- _Exercise instructions_
Begin with the first line of the material and write out each line exactly, ending with the line that contains "Hello guys, welcome". Pictures are not part of the copy.

- _Supplied material_
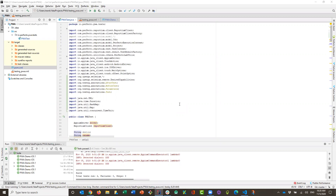Hey, this is a demo of testing progressive web applications within the Perfecto cloud. In this demo, we are going to test the Trivago progressive web application and show you how it can run on two iOS devices. To do so, we have implemented this progressive web test class in Java.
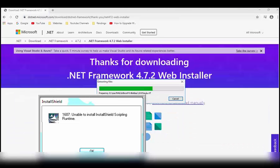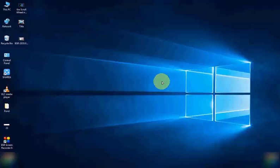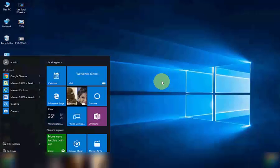Hello guys, welcome back again. Today in this video I will show you how to troubleshoot error code 1607: unable to install InstallShield Scripting Runtime on your Windows. For this, open your browser.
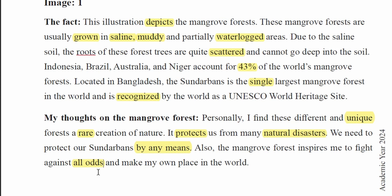The mangrove forest inspires me. You will be able to get your own place in the world.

- _Exercise output_
Hey, this is a demo of testing progressive web applications within the Perfecto cloud. In this demo, we are going to test the Trivago progressive web application and show you how it can run on two iOS devices. To do so, we have implemented this progressive web test class in Java.
Hello guys, welcome back again. Today in this video I will show you how to troubleshoot error code 1607: unable to install InstallShield Scripting Runtime on your Windows. For this, open your browser.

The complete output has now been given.